Ter overdenking 69

De krekels in NRC/Handelsblad: Verloven is preventief trouwen

Beseft Máxima waar ze aan is begonnen? Op 30 april wacht haar een dagje Hoogeveen en Meppel. Instructief is het volgende bericht uit Trouw van 3 april.

Grote ruzie tussen kleinzielige koren
HOOGEVEEN – Drie christelijke mannenkoren uit Hoogeveen hebben geen overeenstemming bereikt over een gezamenlijk optreden tijdens Koninginnedag. Zij ruzieden over onder meer de vraag wie de dirigent moest zijn, wie het orgel moest bespelen en welke nummers zij zouden zingen….Ook burgemeester W. Urlings, die graag een gezamenlijk optreden had gezien, slaagde er niet in de partijen bij elkaar te brengen. Het Hoogeveens Christelijk Mannenkoor geeft nu alleen een concert.

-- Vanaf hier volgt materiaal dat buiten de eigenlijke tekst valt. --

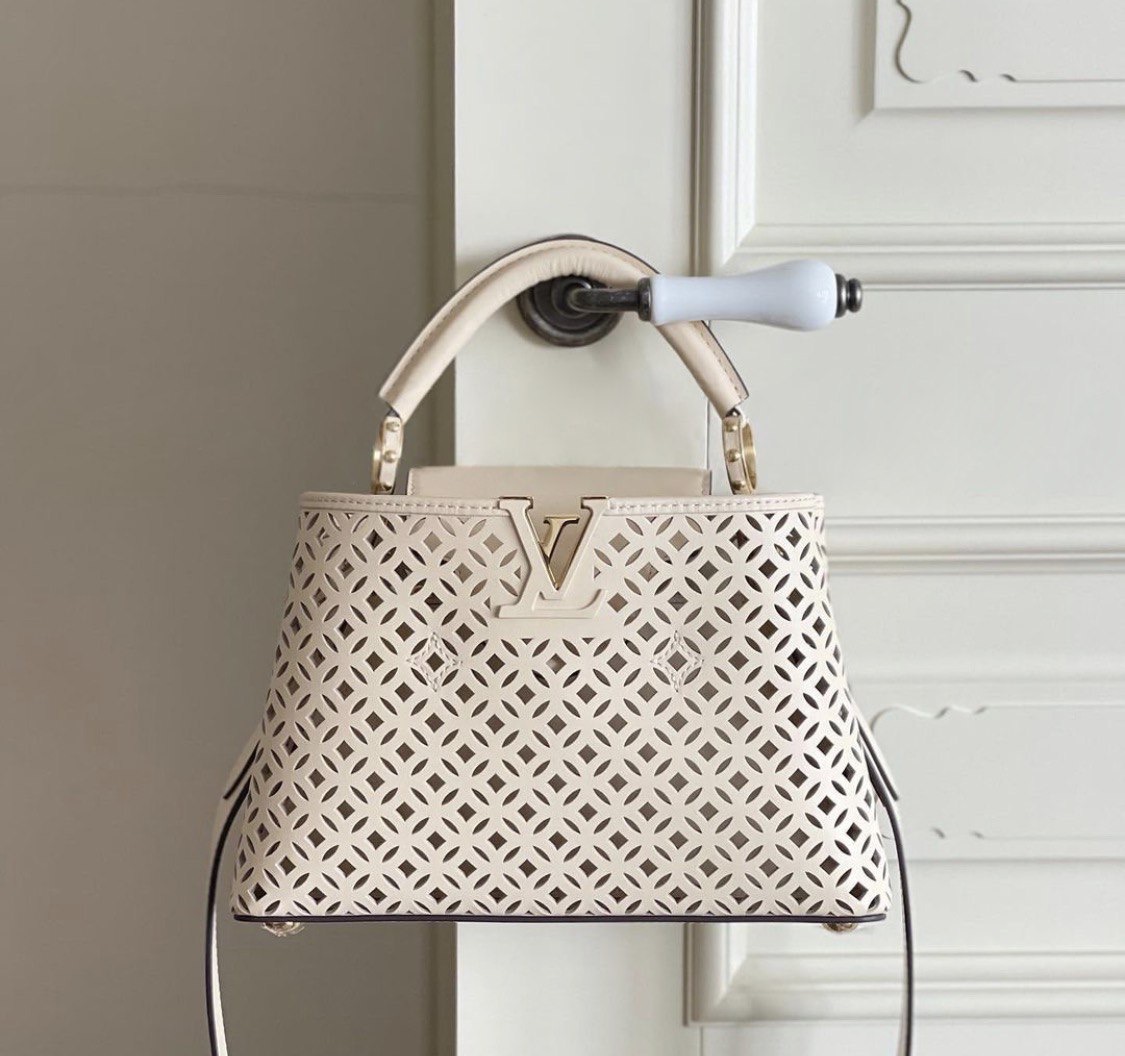 Louis Vuitton bag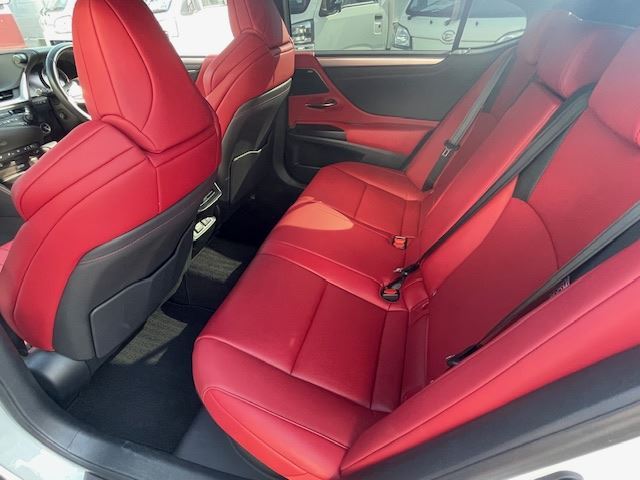 2019 Lexus ES thumbnail 37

Dit bericht maakt een herinnering aan mijn HBS-tijd weer actueel. Onze leraar ‘recht’ (Godschalk), had zojuist uitgelegd dat het van belang was of je in het maatschappelijk leven als privé-persoon of namens een organisatie optreedt en wilde nagaan of zijn verhaal was overgekomen. Dit verliep als volgt.
Leraar G (langzaam en met nadruk sprekend, wijsvinger langs de neus gestrekt, zich tot de mijn klasgenoot Piet de Jong wendend): “Wanneer de secretaris van een niet-rechtspersoonlijkheid bezittende vereniging een zaal huurt en de vergadering gaat niet door ….”
Piet: “Wie speelt er dan op het orgel?”
De bevrijdende, klassikale schaterlach herinner ik mij als de dag van gisteren.
Het meest aansprekende commentaar op ‘vader Z.’ kwam van Remco Campert in de Volkskrant. Mijn advies: lezen en herlezen en je steeds weer afvragen: Heb ik alles wat erin zit er wel uitgehaald?

De vader
‘Wat dunkt U, professor Kamerlinde, mag de vader aanwezig zijn bij de doopplechtigheid of, anders gesteld, mag hij met een Nederlandse telefoon telefoneren?’
‘Ik denk dat hiervoor hetzelfde geldt als voor toiletbezoek. Als de vader nodig moet, dan zou het onmenselijk zijn hem dit niet toe te staan. Het moet natuurlijk wel een toilet zijn dat niet valt onder de ministeriële verantwoordelijkheid.’
‘Wat is uw mening, mevrouw Klein-Janneman?’
‘De insteek van onze partij is van het begin af aan geweest dat we die slag zullen moeten maken, mevrouw Palingbroek. Kijk, het kan niet zo zijn dat de Nederlandse regering….’
“Ogenblikje… we hebben onze Zuid-Amerikaanse correspondent aan de lijn..Zeg het maar, Ramon.’
‘Yes, we have no bananas.’
‘Dank je, Ramon. Ja, professor Kamerlinde?’
‘Met alle respect voor de opvattingen van mevrouw Klein-Janneman wil ik toch constateren dat de Grondwet hier niet in voorziet. Laat ik een voorbeeld geven: wij kennen het verschijnsel van de Nederlandse postzegel. Die bestaat in allerlei verschijningsvormen. Een ervan is die met de beeltenis van onze koningin. Waar het mij nu om gaat is het volgende: mag de vader, als hij zich privé in ons land ophoudt en de behoefte voelt per brief te communiceren met een willekeurig persoon, met zijn tong de achterkant van deze postzegel beroeren? Ik zou zeggen dat hier de ministeriële verantwoordelijkheid toch wel wis en drie in het geding is’.
‘Mevrouw Klein- Janneman?’
‘Mijn partij denkt dat de vader er in dat geval beter aan doet zich buiten de grenzen van ons koninkrijk te begeven en de brief daar op de post te doen.’